Expertise: environmental problems and disaster, air pollution, history of environmental science and public health, interdisciplinary and international scientific collaboration, India, United States

Kim Fortun, professor and new department chair in anthropology, studies environmental risk and disaster. She uses experimental ethnographic methods to understand how people in different geographic regions and organizations deal with environmental problems, health risks and major disasters. She’s particularly focused on industrial disasters – chemical plant explosions and massive breakdown of industrial systems. Her fieldwork has spanned highly populated regions in India and the United States where she’s focused on both catastrophic disasters and more recently on slower moving disasters, including air pollution. Through research, she’s found that that air pollution - recognized as a major killer of people worldwide - has reached catastrophic proportions in India and is responsible for a growing number of health concerns.

She’s currently working on a National Science Foundation-funded study that’s comparing air pollution governance in 11 cities – five in the U.S., five in India, and Beijing, China. Together with her husband and new anthropology associate professor Michael Fortun, they’ve found that scientific research on the sources and health impacts of air pollution has consolidated impressively in recent decades, showing that air pollution is not only responsible for a host of respiratory ailments, but may also contribute to conditions like Alzheimer’s and diabetes.  New understanding of the significance of air pollution has also transformed approaches to public health, challenging governments at municipal, state, regional and national levels as well as organizations like the World Health Organization.
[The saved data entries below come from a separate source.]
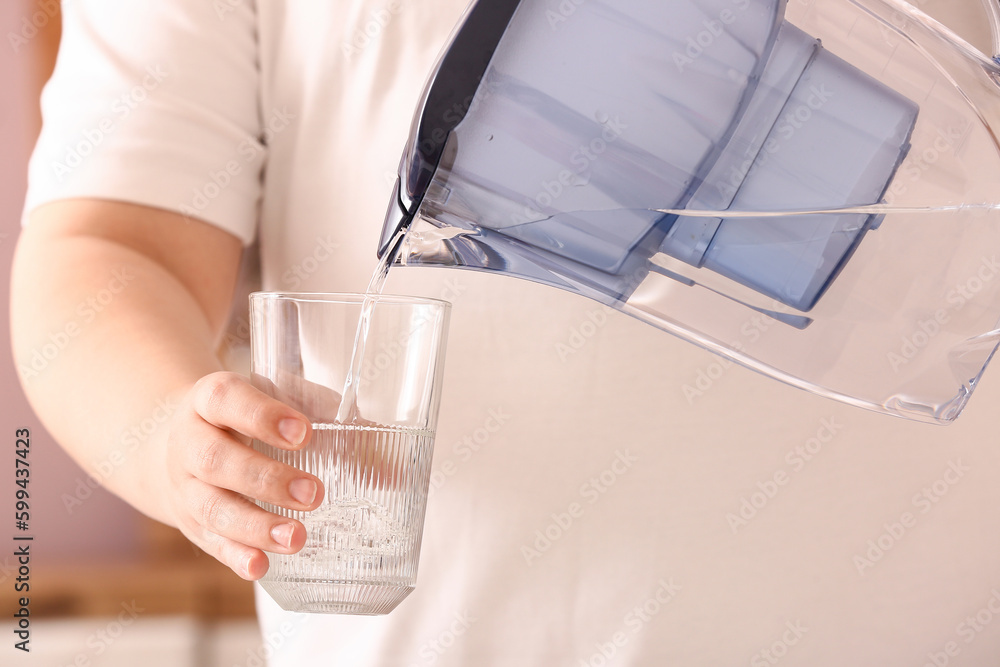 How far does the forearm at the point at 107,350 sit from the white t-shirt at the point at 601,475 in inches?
2.9

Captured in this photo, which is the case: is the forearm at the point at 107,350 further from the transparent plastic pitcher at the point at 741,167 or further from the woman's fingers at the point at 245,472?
the transparent plastic pitcher at the point at 741,167

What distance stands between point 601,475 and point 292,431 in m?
0.29

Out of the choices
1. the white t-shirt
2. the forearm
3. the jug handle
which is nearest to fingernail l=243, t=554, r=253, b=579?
the forearm

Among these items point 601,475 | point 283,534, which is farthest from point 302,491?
point 601,475

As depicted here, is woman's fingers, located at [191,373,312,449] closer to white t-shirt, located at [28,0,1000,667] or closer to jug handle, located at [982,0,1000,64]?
white t-shirt, located at [28,0,1000,667]

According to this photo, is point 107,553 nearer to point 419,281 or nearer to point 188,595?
point 188,595

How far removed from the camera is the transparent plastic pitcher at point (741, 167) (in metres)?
0.33

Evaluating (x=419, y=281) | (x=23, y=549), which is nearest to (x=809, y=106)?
(x=419, y=281)

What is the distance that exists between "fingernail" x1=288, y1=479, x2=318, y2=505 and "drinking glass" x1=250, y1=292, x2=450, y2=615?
0.02m

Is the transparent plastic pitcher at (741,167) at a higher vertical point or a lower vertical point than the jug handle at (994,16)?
lower

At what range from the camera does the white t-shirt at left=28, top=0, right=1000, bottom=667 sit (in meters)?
0.57

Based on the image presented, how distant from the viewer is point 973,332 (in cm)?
37

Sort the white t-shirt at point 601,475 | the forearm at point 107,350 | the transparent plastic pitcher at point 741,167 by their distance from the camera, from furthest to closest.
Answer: the white t-shirt at point 601,475 < the forearm at point 107,350 < the transparent plastic pitcher at point 741,167

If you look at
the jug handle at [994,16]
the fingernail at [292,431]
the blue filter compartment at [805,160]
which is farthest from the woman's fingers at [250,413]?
the jug handle at [994,16] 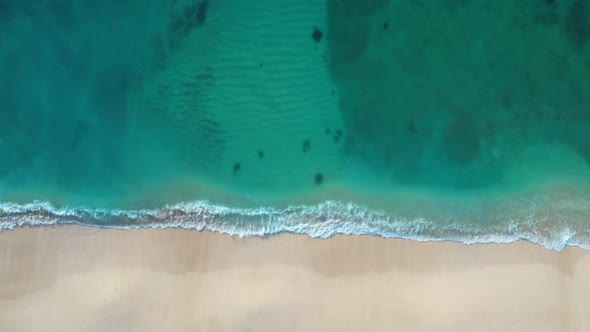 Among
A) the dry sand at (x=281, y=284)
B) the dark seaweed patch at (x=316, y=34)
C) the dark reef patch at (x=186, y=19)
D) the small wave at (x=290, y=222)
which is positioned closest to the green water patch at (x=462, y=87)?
the dark seaweed patch at (x=316, y=34)

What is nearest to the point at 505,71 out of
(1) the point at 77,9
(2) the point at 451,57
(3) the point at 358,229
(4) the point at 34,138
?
(2) the point at 451,57

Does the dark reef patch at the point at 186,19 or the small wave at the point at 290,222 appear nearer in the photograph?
the small wave at the point at 290,222

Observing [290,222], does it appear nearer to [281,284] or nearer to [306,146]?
[281,284]

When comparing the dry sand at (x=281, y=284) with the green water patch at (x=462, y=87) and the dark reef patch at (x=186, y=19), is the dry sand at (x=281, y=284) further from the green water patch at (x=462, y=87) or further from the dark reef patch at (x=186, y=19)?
the dark reef patch at (x=186, y=19)

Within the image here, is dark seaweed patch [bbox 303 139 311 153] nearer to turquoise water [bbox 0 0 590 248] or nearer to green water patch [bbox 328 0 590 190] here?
turquoise water [bbox 0 0 590 248]

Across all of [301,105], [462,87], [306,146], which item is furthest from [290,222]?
[462,87]

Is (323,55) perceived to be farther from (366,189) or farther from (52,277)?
(52,277) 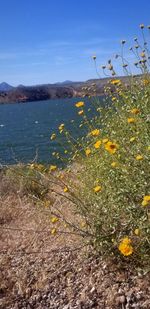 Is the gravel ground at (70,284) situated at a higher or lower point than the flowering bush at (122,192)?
lower

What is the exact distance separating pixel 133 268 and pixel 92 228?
1.48 ft

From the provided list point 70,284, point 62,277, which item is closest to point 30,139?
point 62,277

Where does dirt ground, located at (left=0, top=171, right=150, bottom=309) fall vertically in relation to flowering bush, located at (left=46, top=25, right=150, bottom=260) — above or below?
below

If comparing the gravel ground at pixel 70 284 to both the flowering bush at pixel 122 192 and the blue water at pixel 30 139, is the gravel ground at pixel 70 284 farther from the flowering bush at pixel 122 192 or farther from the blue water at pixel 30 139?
the blue water at pixel 30 139

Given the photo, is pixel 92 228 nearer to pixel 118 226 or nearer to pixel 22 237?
pixel 118 226

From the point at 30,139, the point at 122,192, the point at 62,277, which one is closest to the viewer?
the point at 122,192

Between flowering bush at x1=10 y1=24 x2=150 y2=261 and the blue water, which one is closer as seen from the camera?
flowering bush at x1=10 y1=24 x2=150 y2=261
Fortun is widely recognized for her work on both fast and slow disasters.  Her first book, Advocacy After Bhopal: Environmental, Disaster, New Global Orders, received the American Ethnological Society’s biannual Sharon Stephens Prize for its ability to speak to contemporary social issues with relevance beyond the discipline and academia. She’s used technology to create three digital research platforms that share work with other academics and the public on environmental disaster preparedness and response, air quality crisis and epidemic incidence of asthma, and ethnographic research. She’s authored more than 40 essays and articles that have been featured in Big Data and Society, Journal of Ethnographic Theory, Cultural Anthropology, and Dialectic Anthropology, to name a few. She is currently the president-elect of the Society for Social Studies of Science.

Fortun comes to UCI from a 24-year run as a professor at Rensselaer Polytechnic Institute. For the past year, she chaired the Department of Science and Technology Studies there and from 2001-04, was associate dean of the School of Humanities & Social Sciences. Prior to her professorial post, she completed a Rockefeller Postdoctoral Fellowship at Cornell.

Fortun received her Ph.D. in anthropology from Rice University, and as a new member of the UCI anthropology faculty, she’ll be joining a number of Rice alumni. She’s excited to be coming into a community of colleagues she’s known for a long time and into a department she’s long considered the most innovative in the country.